The AKP, led by Turkish Prime Minister Recep Tayyip Erdogan, saw its votes decrease by one percentage point from the votes its scored in the last general elections in 2007, the daily Aksam ( Evening) reported, citing the survey of polling company IKSara.

The main opposition Republican People's Party (CHP), which has been running with its new leader Kemal Kilicdaroglu, has increased its votes to 30.5 percent from 20.7 percent in 2007, said the report.

The second biggest opposition Nationalist Movement Party (MHP) got 13.1 percent of votes in the poll, facing the risk of declining below the 10 percent election threshold, which will prevent it from gaining seats at the parliament.

Turkey's pro-Kurdish Peace and Democracy Party (BDP) had 6.4 percent of the votes, according to the survey, which covered 2,504 voters from all the 81 provinces of Turkey.

The AKP came to power in 2002 and won the 2007 elections with a powerful 46.58-percent majority to win 341 seats. The CHP gained 20.88 percent of votes to win 112 seats and the MHP won 14.27 percent and 71 seats, while 26 independent candidates were elected as lawmakers.

As the election race heated up, political row deepened with the wave of "tape scandals" hitting Turkey's nationalist party.

Four politicians from the MHP resigned on May 10 after a website posted videos about their extramarital affairs.

An anonymous letter titled "different nationalist" was published earlier this week on a website, urging the MHP head Devlet Bahceli to resign by May 18 and threatening to release more "sex tape scandals" of his closest aides.

The website announced Wednesday it had more videos of six other senior MHP members and called for the party leader to step down.

Bahceli said Wednesday that his party would "not give in to threats and blackmail" and no other party officials would resign over any new videos.

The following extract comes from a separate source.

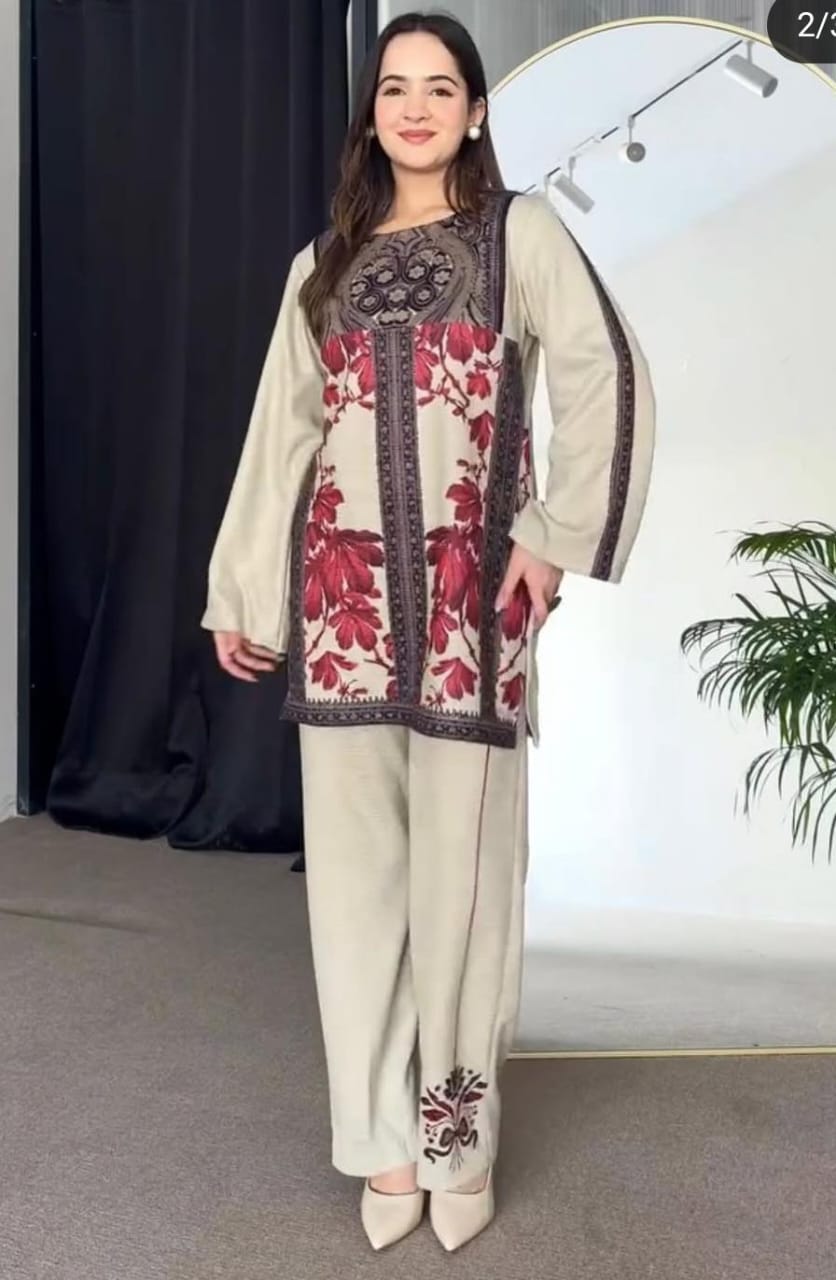 নতুন ডিজিটাল প্রিন্ট টু পিস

"I am not going anywhere. I am at my post as the leader of the party," Bahceli told reporters Wednesday in Kastamonu province of Turkey.

The MHP leader accused supporters of the ruling party of being behind the videos to hurt his party, saying "the ruling party is using this as a political material."

Erdogan rejected allegations that his party was behind the tapes, assuring that the authorities were trying to block the dissemination of the videos on the Internet.

"Bahceli is trying to blame the government for his internal problems," Erdogan responded Wednesday.

In his election campaign, Erdogan has promised that the new parliament's first job would be to draft a new constitution to replace the 1982 constitution, which was adopted after a military coup.

The AKP targets 367 seats in the parliament, which is the number of votes needed for the endorsement of a new constitution.

If the MHP surpasses the 10-percentage threshold, the party will have at least 50 deputies in the parliament, making it difficult for the AKP to pass the new constitution without being challenged.

Turkey is scheduled to hold the general elections on June 12 with 15 political parties running for 550 seats in the parliament.